Input for this task:
--

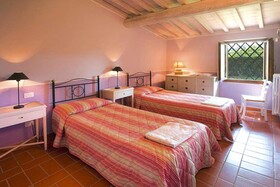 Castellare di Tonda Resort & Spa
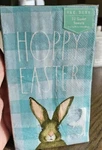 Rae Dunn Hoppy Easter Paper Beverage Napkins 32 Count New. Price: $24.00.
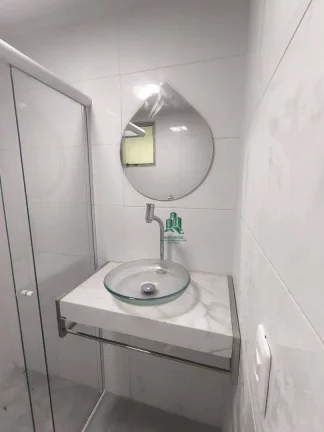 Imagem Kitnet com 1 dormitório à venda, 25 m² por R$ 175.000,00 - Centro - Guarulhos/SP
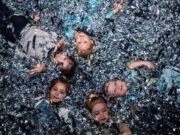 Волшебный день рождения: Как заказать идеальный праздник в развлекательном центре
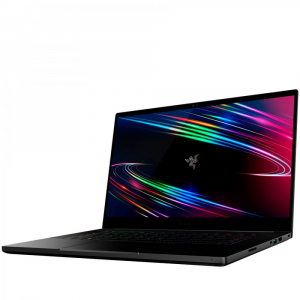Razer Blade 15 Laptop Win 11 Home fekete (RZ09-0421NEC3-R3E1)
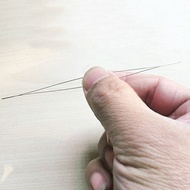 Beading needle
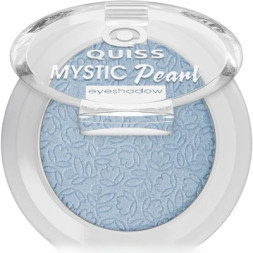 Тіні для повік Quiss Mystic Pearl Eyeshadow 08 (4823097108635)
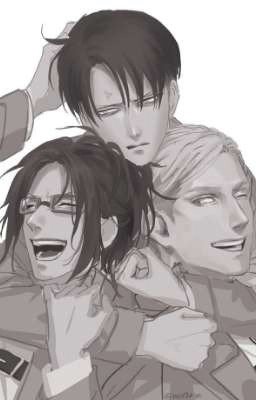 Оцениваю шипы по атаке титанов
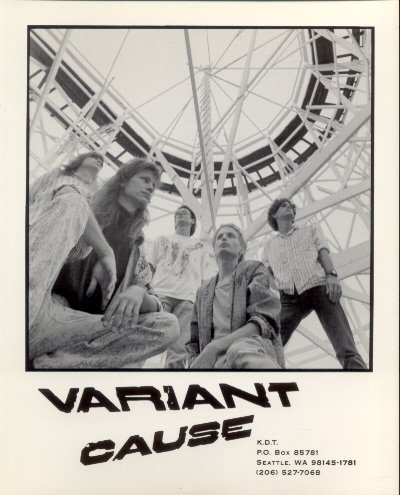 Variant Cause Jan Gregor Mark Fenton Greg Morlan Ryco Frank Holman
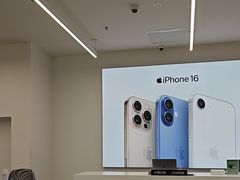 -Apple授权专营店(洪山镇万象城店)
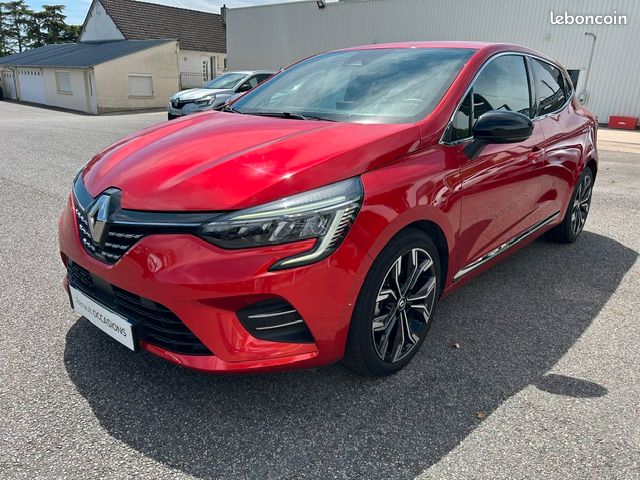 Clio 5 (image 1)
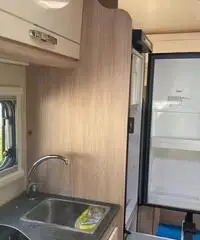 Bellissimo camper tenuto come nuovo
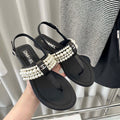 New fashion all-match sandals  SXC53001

--

Exercise directions: With the pictures left out, output exactly the lines that begin at the line containing "Оцениваю шипы по атаке титанов" and end at the last line of the material.

Written response:
 Оцениваю шипы по атаке титанов
 Variant Cause Jan Gregor Mark Fenton Greg Morlan Ryco Frank Holman
 -Apple授权专营店(洪山镇万象城店)
 Clio 5 (image 1)
 Bellissimo camper tenuto come nuovo
 New fashion all-match sandals  SXC53001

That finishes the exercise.